• WHAT TO WORK ON:
Quote, word for word, only the lines running from the line with "Teatrul sucevean prezent" through the end of the listing. Leave out the pictures.

• GIVEN RECORDS:
● ● ●

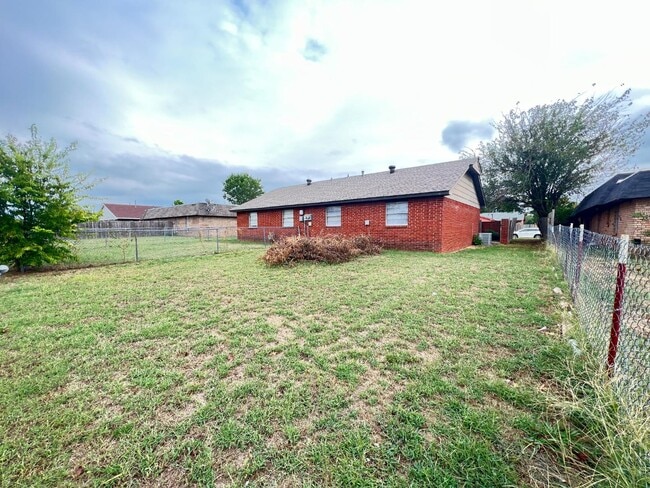 Building Photo - 121 Crawford Ct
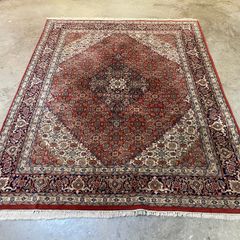 Very Good Vintage Bidjar hand Knotted Rug.
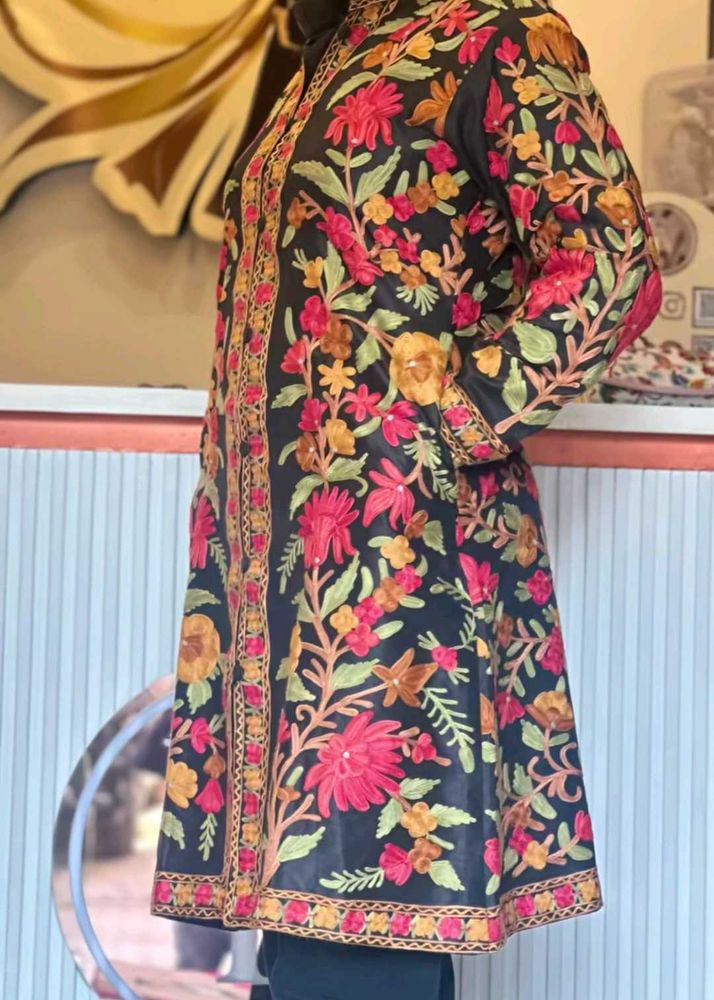 Embroidered Black Kashmiri coat set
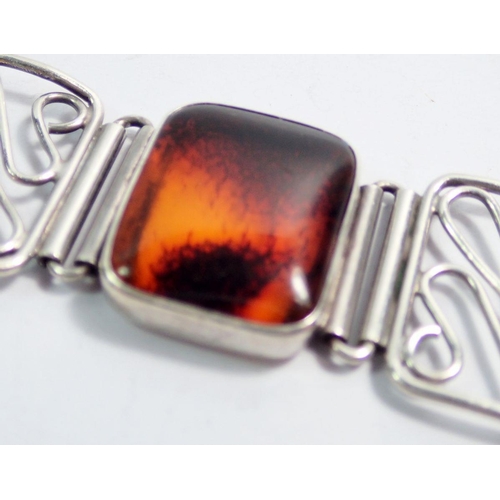 638 - A silver and amber link bracelet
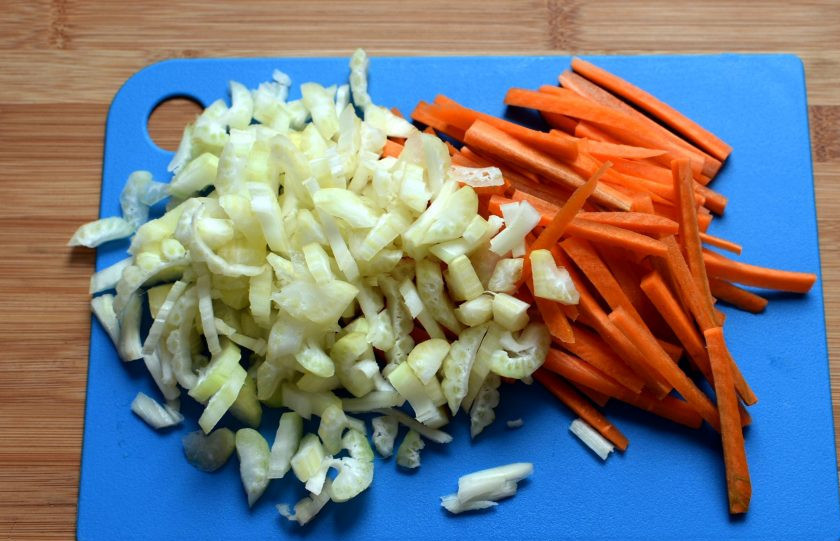 1. Этап. Суп с сельдереем и кабачком «Вести с полей»: Добавьте шинкованную крупной соломкой морковь и тонко нарезанный черешковый сельдерей, обжарьте пару минут все вместе.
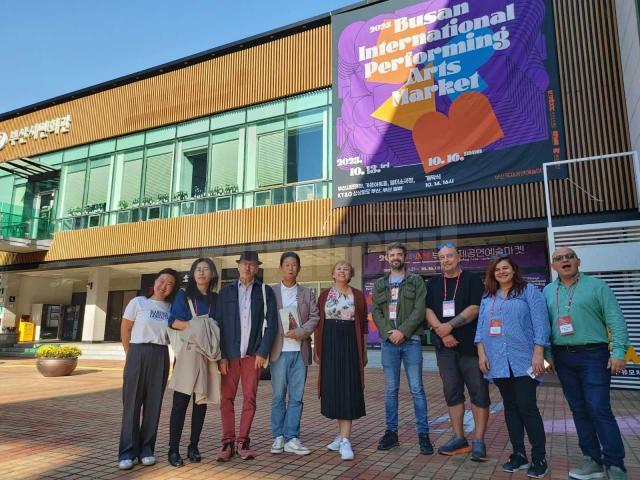 Teatrul sucevean prezent în Coreea de Sud, la Busan International Performing Arts Market, cu spectacolul „Occident Express” de Matei Vișniec, în regia lui Alain Timár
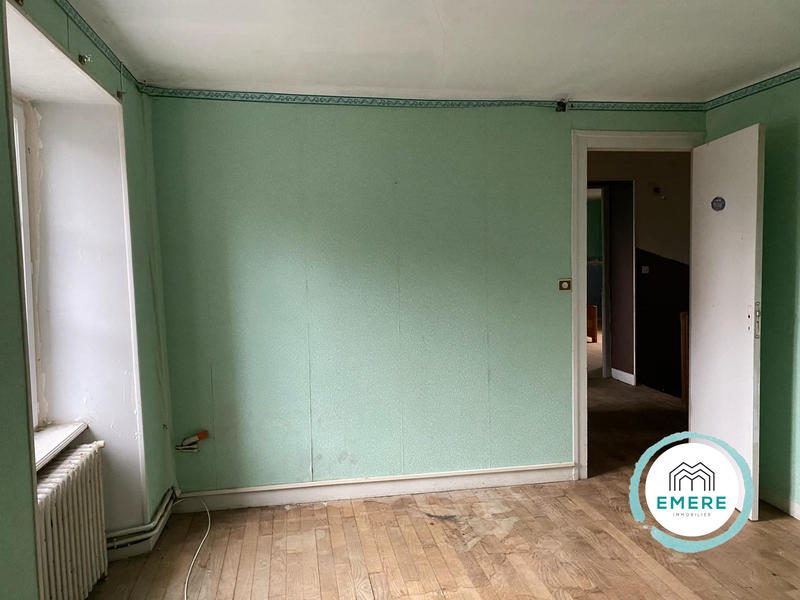 Maison - 265 m² - 11 pièces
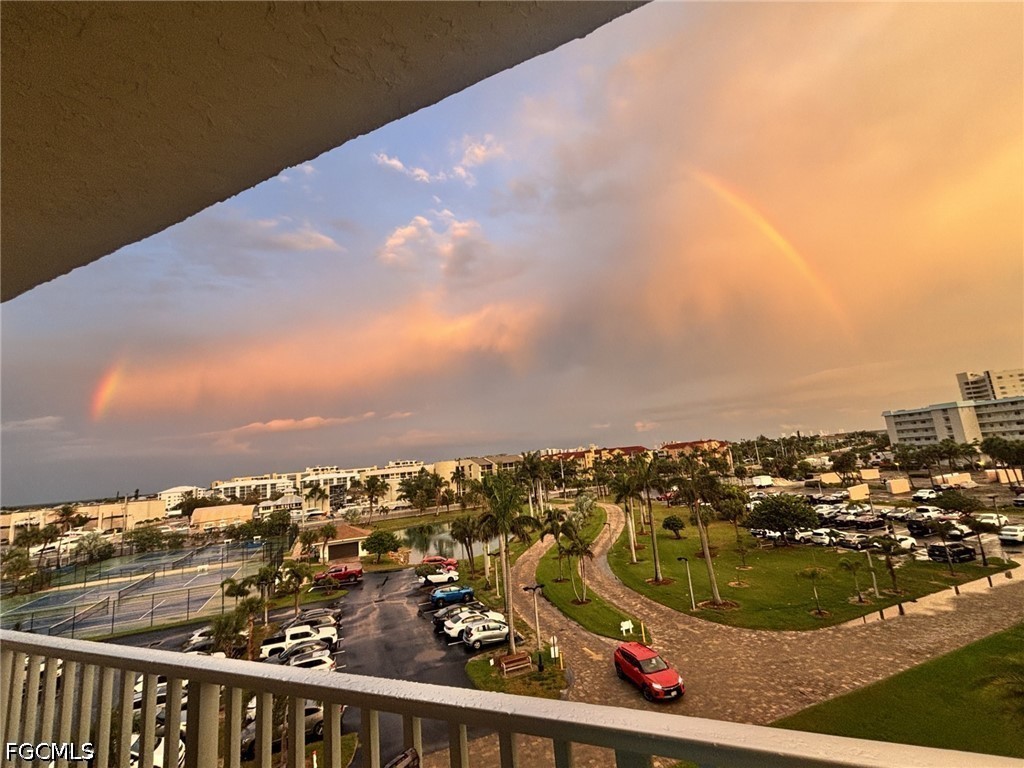 1 Bed Waterfront Home for Sale in Fort Myers Beach, photo 13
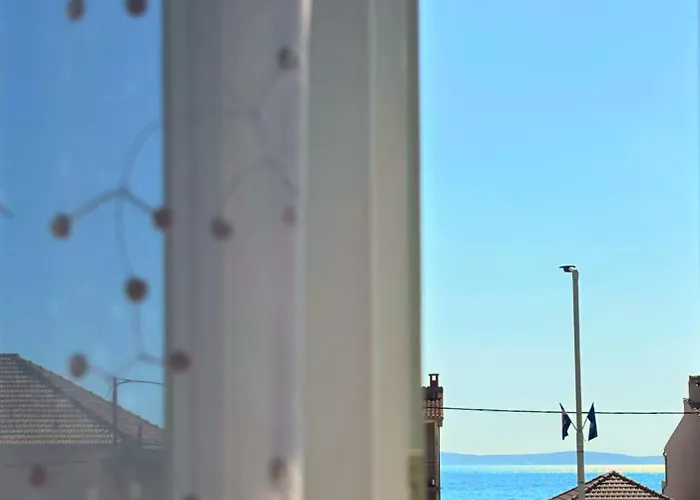 Sunny Seaside Retreat By The Apartment Podstrana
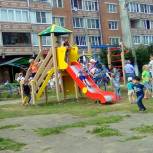 В Кольчугино установили новую детскую площадку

● ● ●

• PROBLEM SOLUTION:
 Teatrul sucevean prezent în Coreea de Sud, la Busan International Performing Arts Market, cu spectacolul „Occident Express” de Matei Vișniec, în regia lui Alain Timár
 Maison - 265 m² - 11 pièces
 1 Bed Waterfront Home for Sale in Fort Myers Beach, photo 13
 Sunny Seaside Retreat By The Apartment Podstrana
 В Кольчугино установили новую детскую площадку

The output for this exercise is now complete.